Performance and Load Testing
- Unit tests are not designed for load testing. Tools like Gatling or k6 are better suited for performance validation.

Conclusion

This pragmatic unit testing approach provides a middle ground between isolated unit testing and full end-to-end tests, balancing realism, maintainability, and execution speed. By testing against a single API endpoint and asserting at system boundaries, this method delivers high confidence in production readiness without excessive fragility.

For teams struggling with white-box unit tests that mirror the code structure or overly coupled test suites, this approach offers a structured yet flexible alternative—one that maximizes test effectiveness and system reliability while keeping test suites maintainable.

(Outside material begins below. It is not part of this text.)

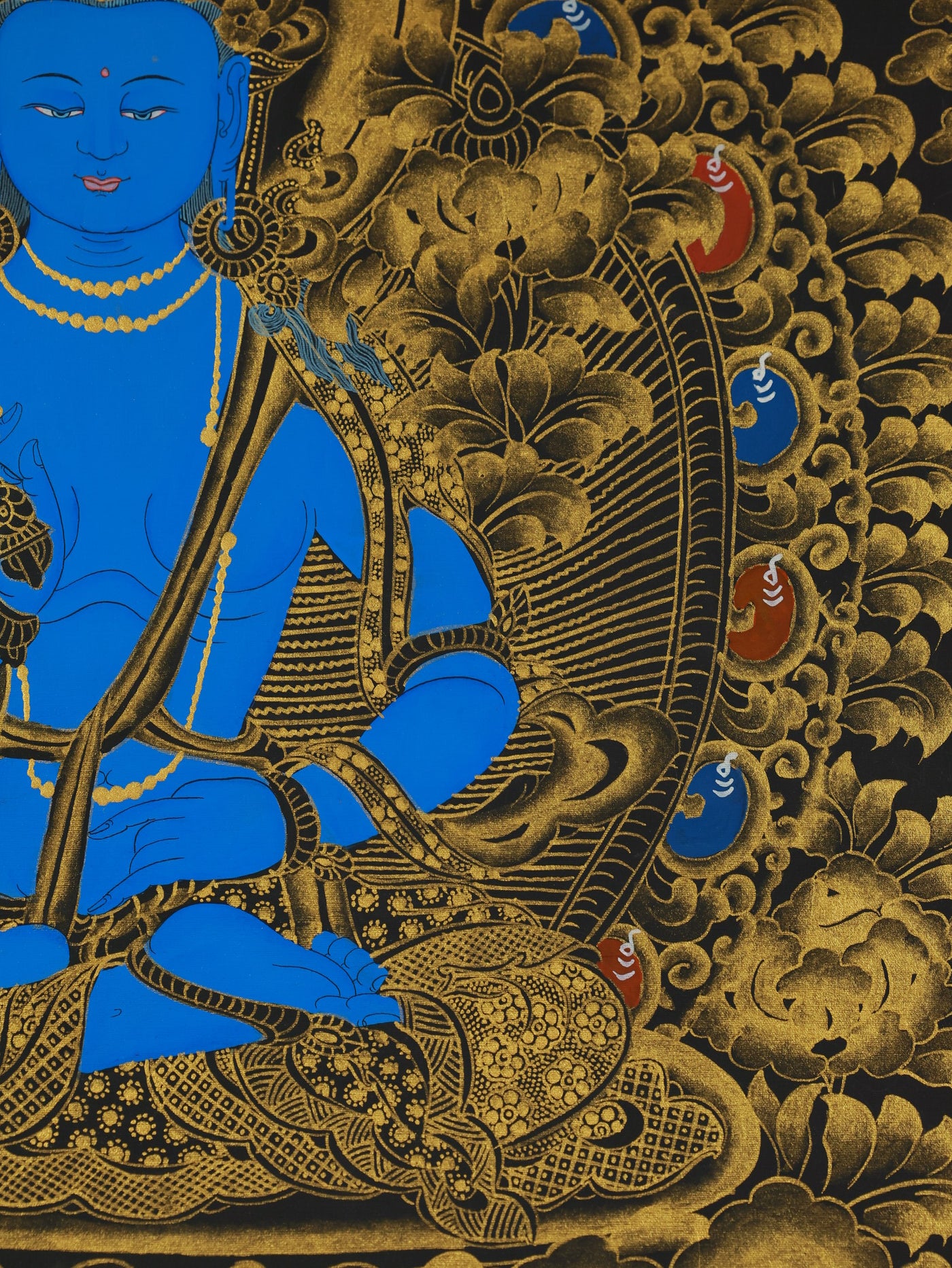 Tantric-style Tibetan thangka portraying Akasagarbha Bodhisattva within a sacred Buddhist composition.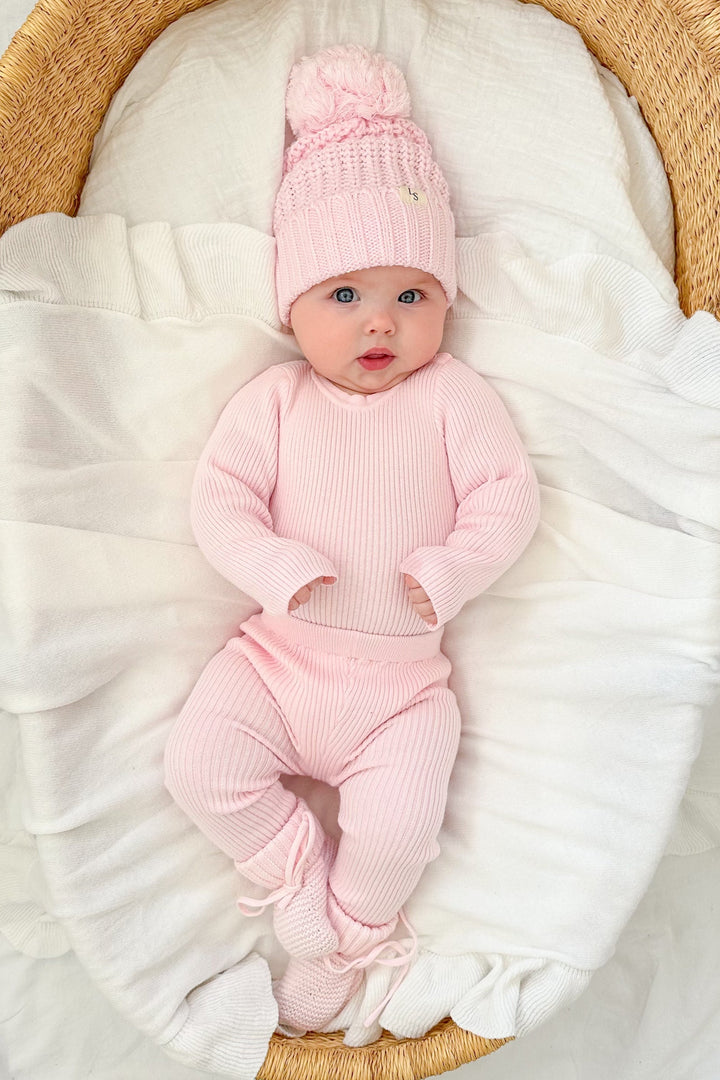 Knitted Bodysuit/Top - Ballerina Pink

📝 An Evolution of Thought: How I Came to This Approach

I’ve refined my perspective on testing over a long time—with plenty of missteps along the way. Having been an early(ish) adopter of Extreme Programming (XP), I’ve spent years experimenting with different testing styles, often influenced by shifting industry trends.

I remember early successes where we managed to refactor large areas of legacy code that no one wanted to touch. By first wrapping the existing behavior in tests, we were able to replace fragile code with confidence, ensuring that the system still worked—even if we didn’t fully understand why certain things were originally built the way they were.

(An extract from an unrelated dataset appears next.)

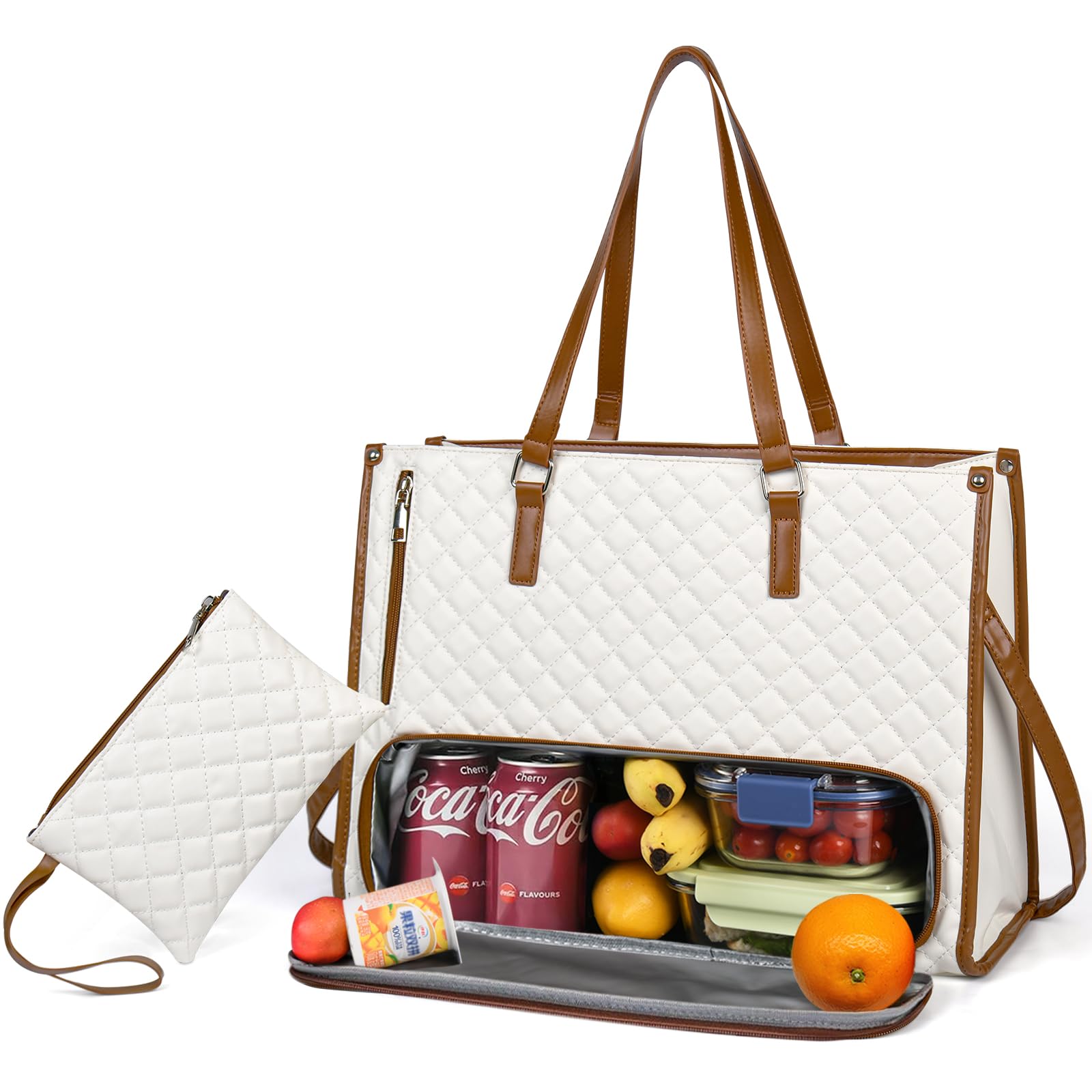 BELLPO Work Bag with Lunch Compartment for Women, 15.6 Inch Roomy Durable Laptop Handbag & Tote for Office, College, Nurse, Teacher, Casual, Business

Then came a shift in the industry, where this style of testing was frowned upon. A new wave of opinionated developers advocated that everything be tested in isolation, promoting strict mock-heavy, white-box unit tests. This led to tests that felt detached from real system behavior, didn’t provide confidence when refactoring, and ultimately, strayed from some of the original intents of TDD—including documenting the system and preventing regressions.

This approach put off many developers, including David Heinemeier Hansson (DHH), the creator of Ruby on Rails, who famously wrote “TDD is Dead, Long Live Testing”. His frustration sparked a broader debate, leading to conversations with Kent Beck and Martin Fowler—who clarified that TDD was never about isolating every unit of code, but rather about driving design through meaningful tests (see discussion).

Reflecting on those early successes, I realized that TDD itself wasn’t the problem. The problem was the shift in focus from testing behaviors to testing isolated units. The best results didn’t come from testing every internal class in isolation, but from testing behaviors through the system’s public API—treating a “unit” as a unit of behavior rather than a unit of code.